- [Work required]
Look in the material below for the line holding "HDF Laminaat V-Groef, Baviera". Set it down exactly, with each later line up to and including the line holding "Aukcja sprzedaży 2015".
━━━ Provided entries ━━━
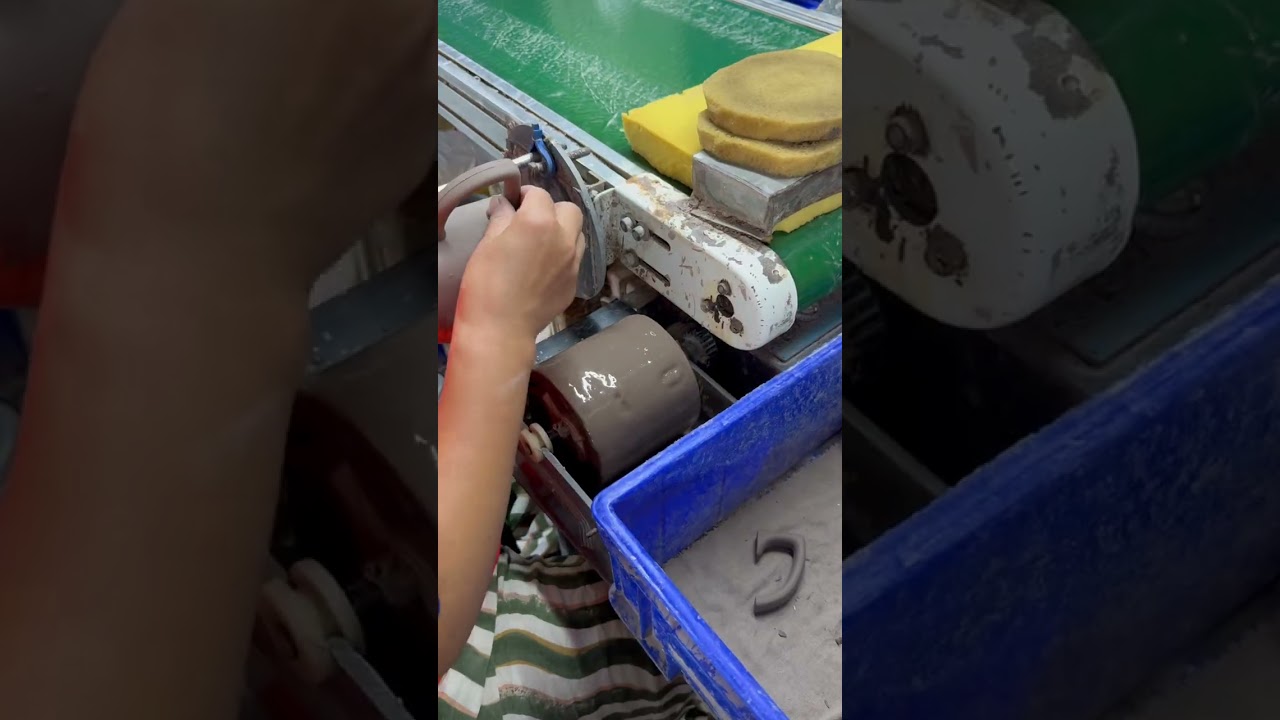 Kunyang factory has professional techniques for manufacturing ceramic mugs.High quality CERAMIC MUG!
━━━
━━━ Provided entries ━━━
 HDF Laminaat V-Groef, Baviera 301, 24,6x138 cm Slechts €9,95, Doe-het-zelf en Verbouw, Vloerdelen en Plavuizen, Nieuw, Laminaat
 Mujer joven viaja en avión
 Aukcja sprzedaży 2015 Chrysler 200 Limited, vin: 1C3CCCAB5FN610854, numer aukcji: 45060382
━━━
- [Answer to the exercise]
 HDF Laminaat V-Groef, Baviera 301, 24,6x138 cm Slechts €9,95, Doe-het-zelf en Verbouw, Vloerdelen en Plavuizen, Nieuw, Laminaat
 Mujer joven viaja en avión
 Aukcja sprzedaży 2015 Chrysler 200 Limited, vin: 1C3CCCAB5FN610854, numer aukcji: 45060382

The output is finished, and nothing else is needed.